Given information:
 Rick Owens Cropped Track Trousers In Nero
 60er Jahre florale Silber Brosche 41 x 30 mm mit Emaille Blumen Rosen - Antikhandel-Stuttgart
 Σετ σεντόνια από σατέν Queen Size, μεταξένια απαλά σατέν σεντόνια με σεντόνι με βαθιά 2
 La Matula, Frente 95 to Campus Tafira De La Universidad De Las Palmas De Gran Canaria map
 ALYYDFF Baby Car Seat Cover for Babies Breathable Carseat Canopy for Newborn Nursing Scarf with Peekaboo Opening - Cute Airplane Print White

...

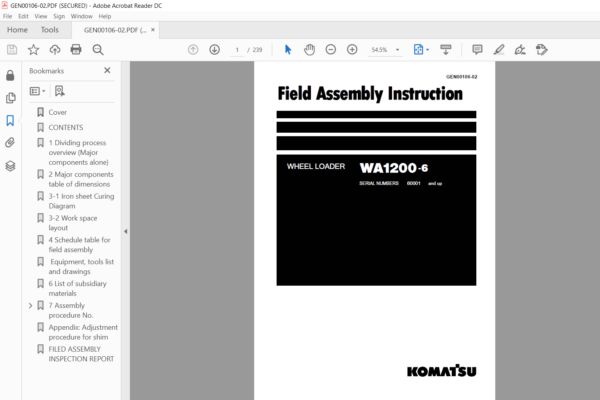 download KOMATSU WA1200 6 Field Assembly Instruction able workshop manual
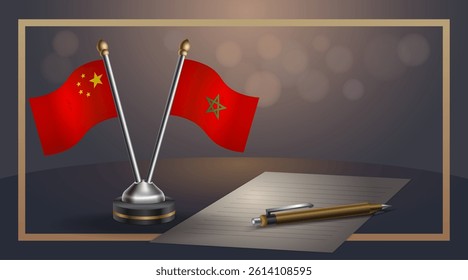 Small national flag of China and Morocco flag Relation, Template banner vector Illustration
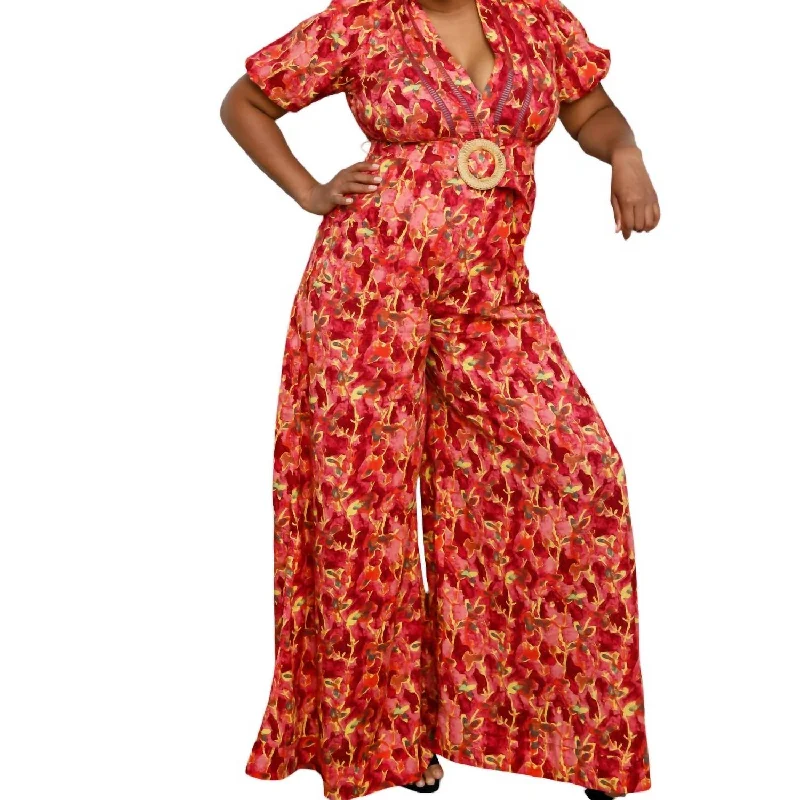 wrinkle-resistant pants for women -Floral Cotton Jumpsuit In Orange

==

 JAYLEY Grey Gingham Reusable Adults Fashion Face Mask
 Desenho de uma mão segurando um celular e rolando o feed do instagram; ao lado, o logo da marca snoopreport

What needs to be done:
Look back at the data above. Transcribe exactly the lines starting at the line that contains "Rick Owens Cropped Track Trousers In Nero" and ending at the line that contains "ALYYDFF Baby Car".

Answer to the exercise:
 Rick Owens Cropped Track Trousers In Nero
 60er Jahre florale Silber Brosche 41 x 30 mm mit Emaille Blumen Rosen - Antikhandel-Stuttgart
 Σετ σεντόνια από σατέν Queen Size, μεταξένια απαλά σατέν σεντόνια με σεντόνι με βαθιά 2
 La Matula, Frente 95 to Campus Tafira De La Universidad De Las Palmas De Gran Canaria map
 ALYYDFF Baby Car Seat Cover for Babies Breathable Carseat Canopy for Newborn Nursing Scarf with Peekaboo Opening - Cute Airplane Print White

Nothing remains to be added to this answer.